Improve Your Game – Why field archery is the most fun!
Louisa Piper, European Junior Field Champion, explains why she has such a love for field archery and why everyone should give it a go this year!
I’ve been shooting field for around three years, after being persuaded to try it by Joe Fairburn when we shared a hail-sodden target at the Bucks or Bounty shoot back in May 2016.
Up until then my reasons for not trying field might be like quite a few reading this article; not really thought about it, had thought about it but 1) worried about losing arrows 2) don’t know how/where to start.
None of these should be reasons not to try field!
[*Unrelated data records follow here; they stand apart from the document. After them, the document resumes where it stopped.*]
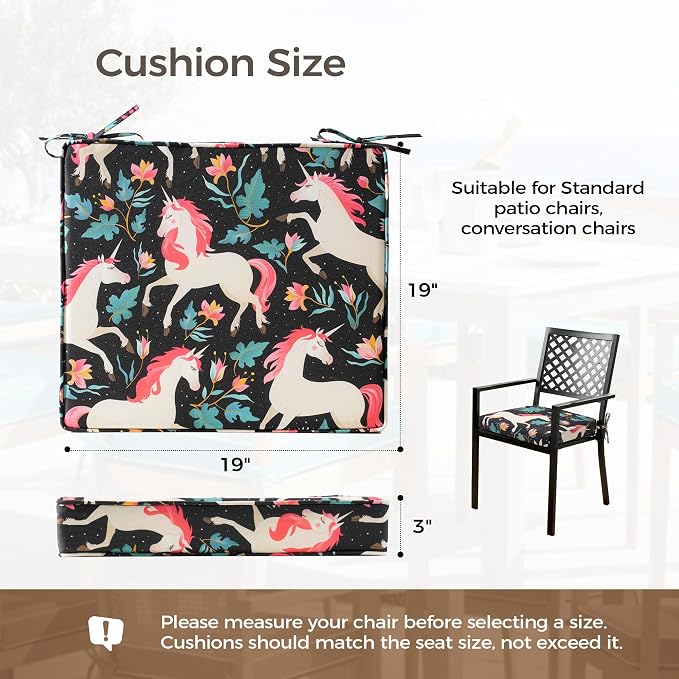UNIKOME Outdoor Chair Cushions Set of 4, Water Resistant Patio Seat Cushions with Ties for Outdoor Furniture, High-Density Foam, UV & Fade Resistant, Piped Edge – 19" x 19" x 3", Unicorn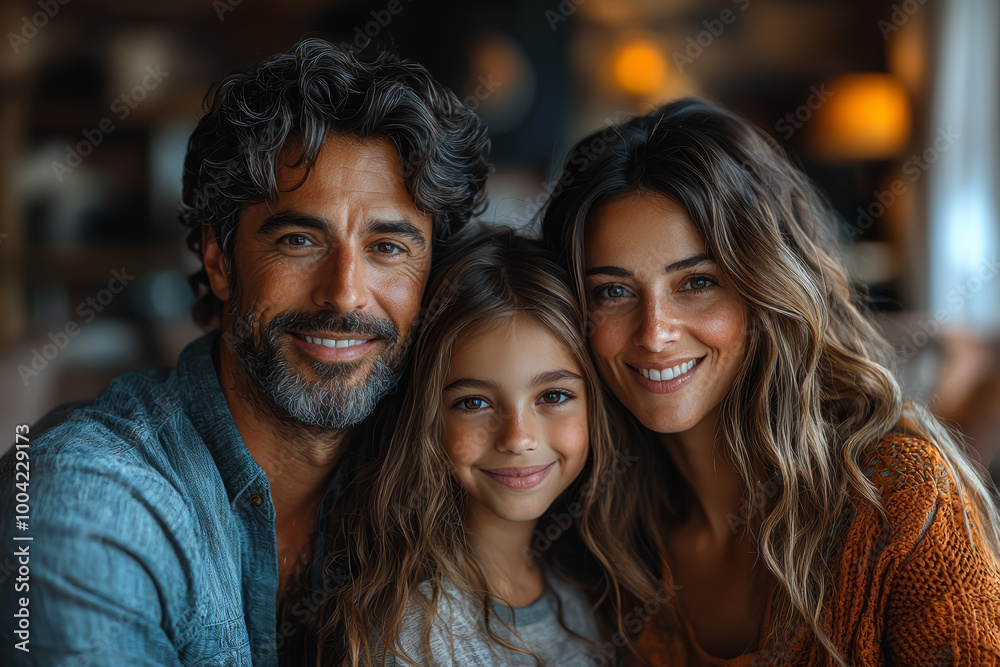 A family portrait on a wall with one family member missing from the photo, with a vacant space where they once were. A family portrait on a wall with one family member missing from the photo, with a vacant space where they once were.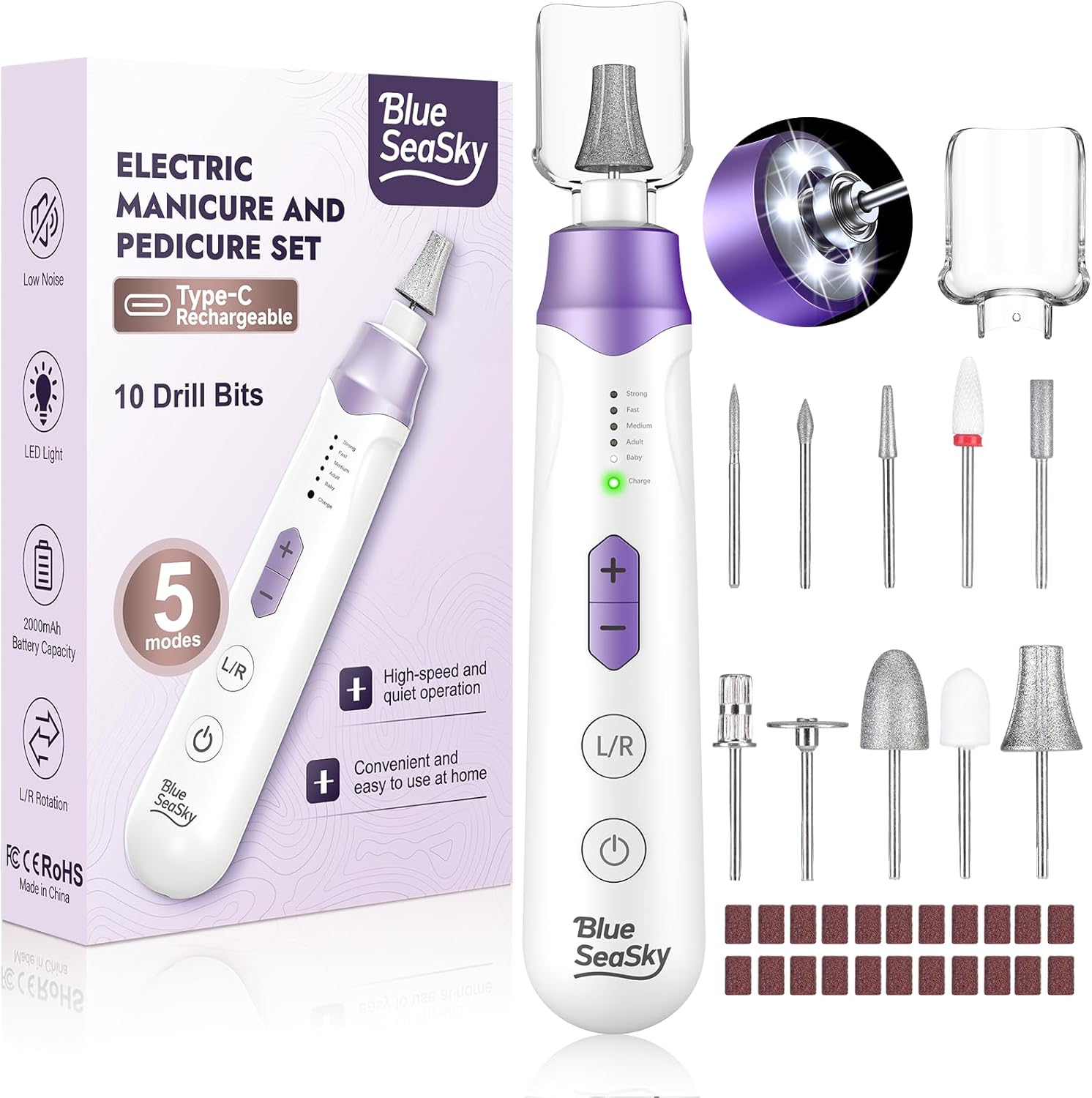 Blue Sea Sky professional electric nail drill kit front view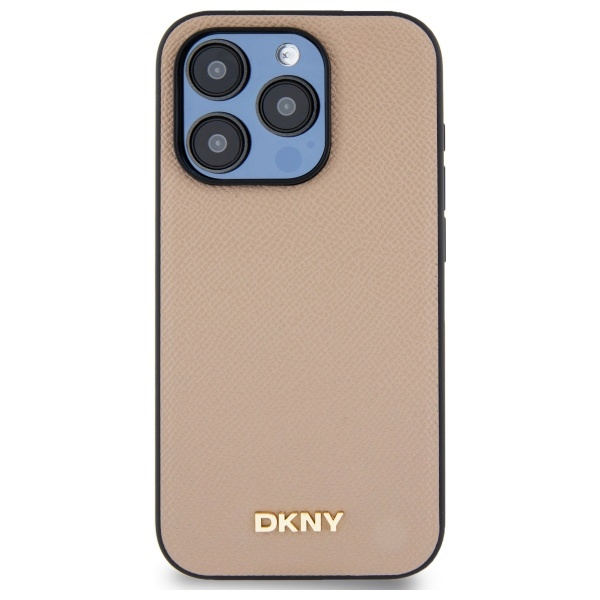 DKNY DKHMP15XPGHLME iPhone 15 Pro Max    6.7" beżowy/beige hardcase Grained Metal Logo MagSafe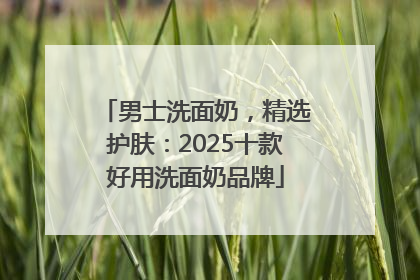 男士洗面奶，精选护肤：2025十款好用洗面奶品牌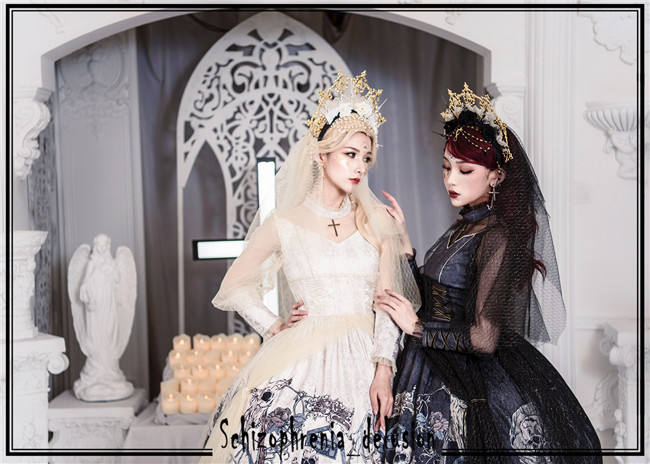 Gothic Rococo The Sick Rose Crown Headdress Set -Ready Made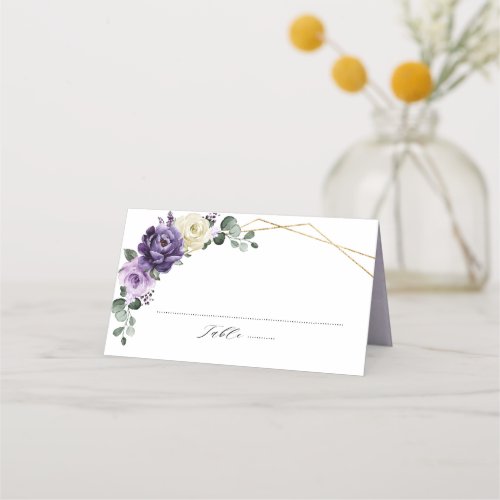 Purple Plum Ivory Gold Floral Geometric Wedding Place Card
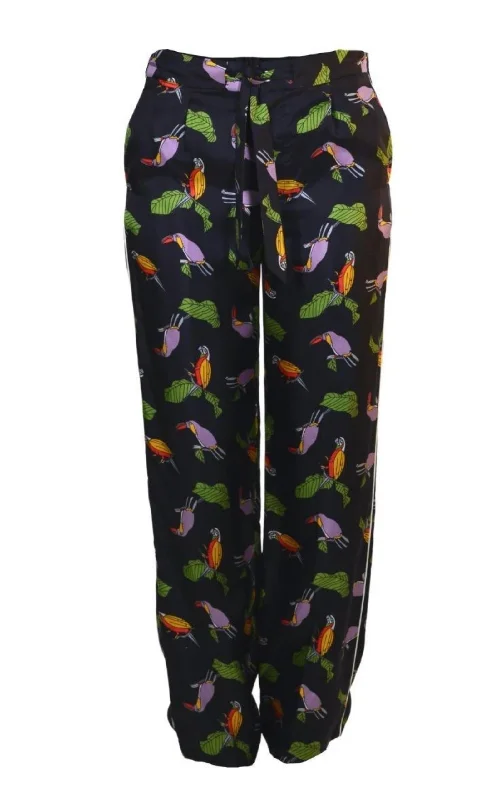 Pleated trousers pants for sophisticated gentleman charm -Toucan Print Pyjama Silk Pants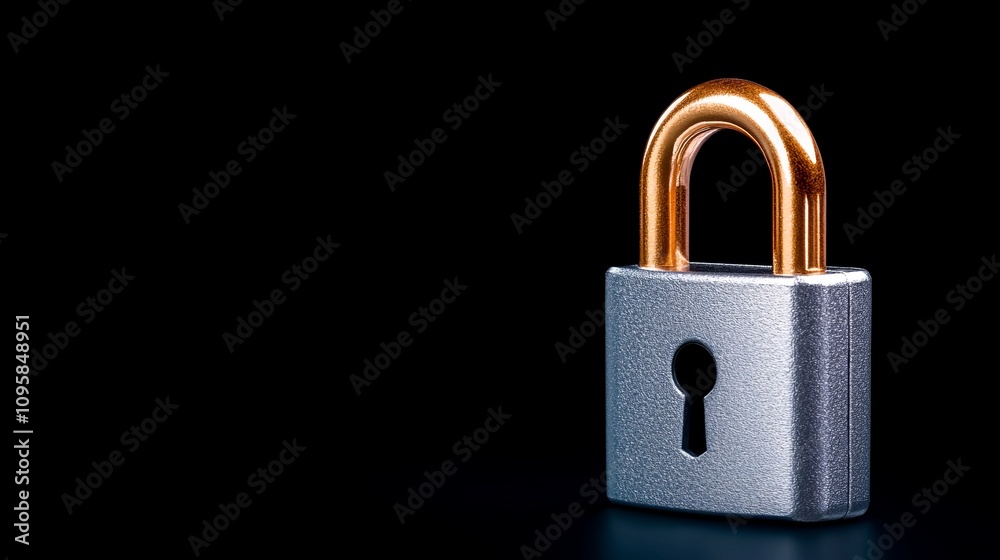 Fototapeta premium Secure Padlock Silver Metal Lock Copper Shackle Safety Security Concept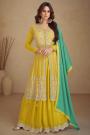 Yellow Chinon Silk Embroidered Long Kurti Lehenga Set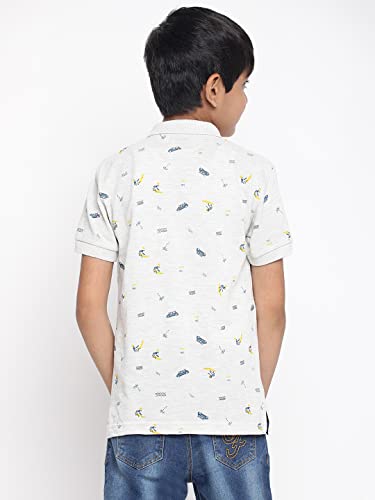 Image of Li'l Tomatoes Boys Cotton Pique Polo T-Shirt | Printed Half Sleeve Casual Summer Wear | Soft & Breathable Fabric | 7-16 Years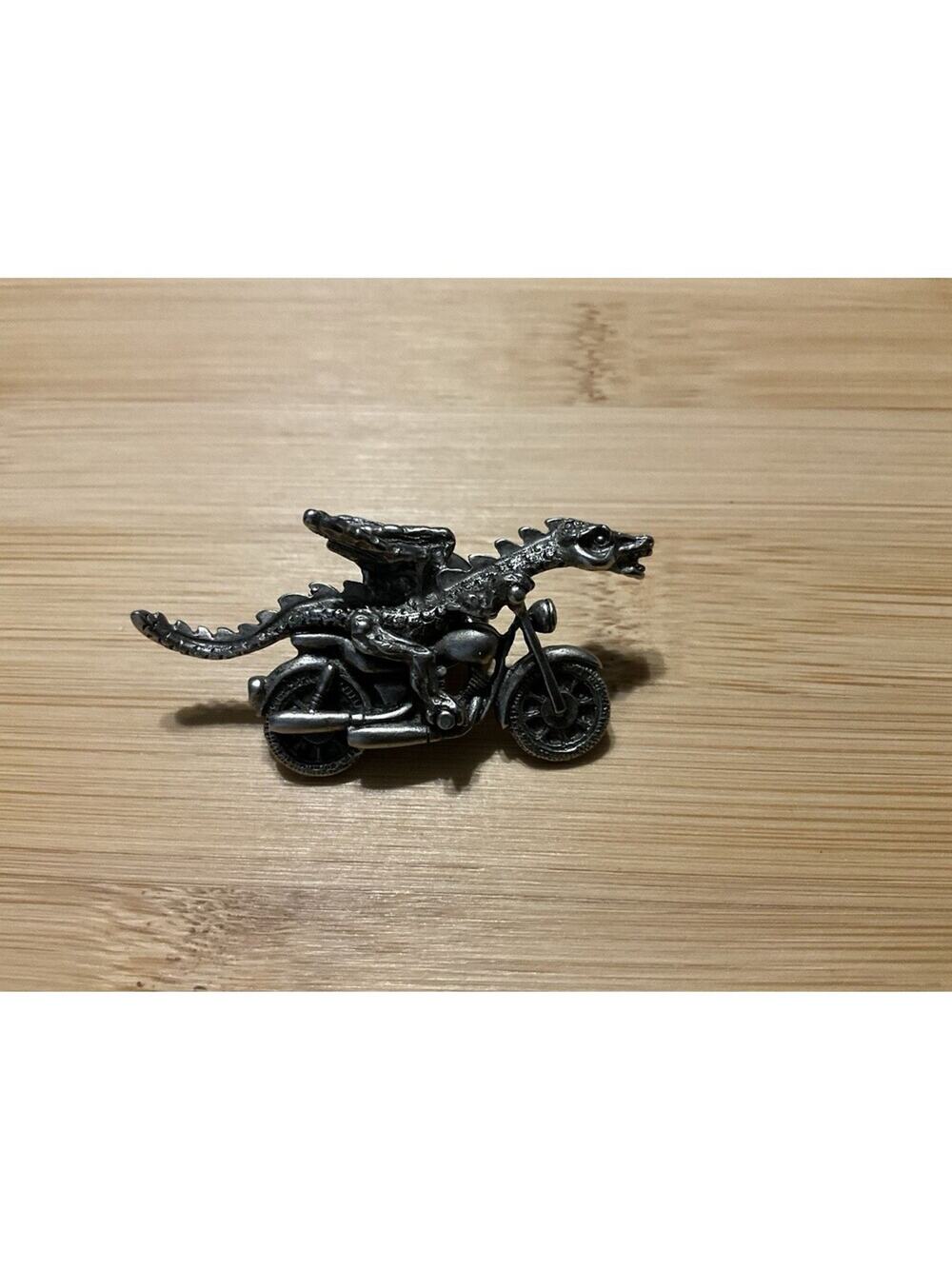 Mark Elliott Schwabe 1990’s Dragon On A Motorcycle, Pewter Lapel Pin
Firstly, field archery is about as much fun as you can have with a bow! Some archers specialise in field archery, many others only do target but some do both as they find it helps them to read field and weather conditions and to become more resilient all-round competitors.
I do it because I love the fact that every 24 targets on each of the two days are completely different (faces/angles/distances, (marked and unmarked)/etc) and that you get to walk around, often challenging, but always beautiful terrain.
I’ve shot off towers, across and into quarries, over water, from floating platforms, off rock faces and the thrill-seeker in me absolutely loves this variety.
If you have already mastered the basics of archery then you should be able to tackle a field course without losing arrows. I was always told that most people lose arrows in field because they raid their club’s beginner sets and shoot these rather than their own arrows, with mismatched arrows they are more likely to miss which then “proves them right”?
You might lose the odd arrow, but your target companions are always watching and successfully hunting for arrows is part of the fun. I’ve damaged more arrows through target than I’ve lost shooting field (including at international shoots).
There is also no formal requirement for you to shoot your distance, so you could ask a TO to shoot from a closer peg to start – you just won’t be able to claim any awards etc, but often that’s not the point anyhow.
One of the tricky things with field is that it’s hard to practice outside of competing, but don’t let that put you off either. There are field clubs around the country and, with basic instruction in gauging and with a full set of field sight marks, you can learn as you go – which is what I did.
In field you will usually be put in a group of four archers for your two-day shoot; field archers are the nicest, most generous people and happy to share tips between targets. In the run-up to the European Field Championships, I was in a group with a two-time Olympian and highly experienced field archer, an international judge (and GBR field archer), and GBR field archer Daisy Clark, which was very handy as she ended up being my amazing Gold Medal match coach in Slovenia!
At Fort Purbrook, in 55mph winds, I was with GBR Field Team World Champion Tracey Hill and, respecting that they were there to compete rather than coach, they all helped with tips and pointers across the two days (although unfortunately not with the unmarked distances!).
The other way is to “buddy” with an experienced field archer who can help you navigate the world of field, for me that’s Joe and Colin Fairburn and I can’t thank them enough for all their help.
I’m no field expert, I still have so much to learn, but there are plenty of experts out there willing to share their love of the sport. Here’s a link to two very helpful guides Nell and I used to get started: https://www.gbnifield.co.uk/about-us
Make 2020 the year you give Field Archery a go – you won’t regret it!